Ch. 7, v. 13: "Kaaras kesef achas shloshim u'mei'oh mishkoloh mizrok echod kesef shivim shekel b'shekel hakodesh SHNEIHEM m'lei'im" - The Targum Yonoson ben Uziel says that the "k'oroh," the plate had a thin wall, while the "mizrok," the bowl, had a thick wall. How does he know this?

The GR"A says that the gemara Yoma 62b derives from the word "SHNEI" (Vayikroh 16:5) that the two goat sacrifices of Yom Kippur must be similar. Here we also have the word SHNEI in "SHNEIHEM m'lei'im." This teaches us that the two vessels are equal. The "k'oroh" had almost twice as much silver in it as the "mizrok." How then could they be equal? The GR"A answers that they have equal volume of content. This could only be true if the vessel made of 130 coins of silver weight was created with a very thick wall, and the vessel made of 70 coins of silver weight was created with a thinner wall.

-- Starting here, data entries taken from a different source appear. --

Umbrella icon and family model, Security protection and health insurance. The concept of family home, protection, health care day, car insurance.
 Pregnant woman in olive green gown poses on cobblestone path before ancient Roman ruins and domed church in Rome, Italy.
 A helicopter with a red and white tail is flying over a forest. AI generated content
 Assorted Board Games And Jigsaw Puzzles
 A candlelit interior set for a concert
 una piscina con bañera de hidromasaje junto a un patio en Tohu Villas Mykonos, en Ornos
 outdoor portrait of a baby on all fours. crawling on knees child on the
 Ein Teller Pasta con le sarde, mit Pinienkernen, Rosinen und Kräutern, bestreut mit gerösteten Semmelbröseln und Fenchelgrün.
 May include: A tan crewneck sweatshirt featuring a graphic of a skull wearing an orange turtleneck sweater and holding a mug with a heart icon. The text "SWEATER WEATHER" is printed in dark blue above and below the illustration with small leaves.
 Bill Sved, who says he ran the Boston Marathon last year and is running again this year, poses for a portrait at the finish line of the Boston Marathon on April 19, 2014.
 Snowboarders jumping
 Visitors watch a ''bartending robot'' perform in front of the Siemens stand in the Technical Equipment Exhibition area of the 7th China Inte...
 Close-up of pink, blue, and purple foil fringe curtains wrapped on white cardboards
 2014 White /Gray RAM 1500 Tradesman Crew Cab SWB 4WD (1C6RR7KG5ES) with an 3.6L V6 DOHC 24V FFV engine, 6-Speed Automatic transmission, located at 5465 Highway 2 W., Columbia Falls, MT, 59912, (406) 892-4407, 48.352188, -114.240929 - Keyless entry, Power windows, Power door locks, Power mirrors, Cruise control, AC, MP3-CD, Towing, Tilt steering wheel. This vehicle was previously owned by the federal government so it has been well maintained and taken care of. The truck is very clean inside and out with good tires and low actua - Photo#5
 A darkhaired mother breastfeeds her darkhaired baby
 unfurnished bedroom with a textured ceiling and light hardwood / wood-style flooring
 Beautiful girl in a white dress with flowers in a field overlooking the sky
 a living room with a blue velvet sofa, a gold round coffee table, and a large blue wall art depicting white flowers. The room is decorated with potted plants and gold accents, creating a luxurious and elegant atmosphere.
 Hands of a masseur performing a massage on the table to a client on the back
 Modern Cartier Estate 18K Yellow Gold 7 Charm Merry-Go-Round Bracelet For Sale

The Meshech Chochmoh says that with this we can understand a difference in the description of the vessels. When describing the weight of the thick-walled "k'oroh" the Torah gives us the weight as 130 without mentioning that it refers to 130 SHEKEL COIN weights, and when describing the description of the "mizrok" the Torah says "70 SHEKEL B'SHEKEL HAKODESH." The "mizrok" was made with a thin wall which was the thickness of the original shekel coin. Since a characteristic of the original coin was maintained, the Torah mentions SHEKEL. The "k'oroh," however, was created with a very thick wall, approximately double the thickness of a shekel. Since there was no vestige of the original shekel, the Torah only mentioned the number without mentioning the coin.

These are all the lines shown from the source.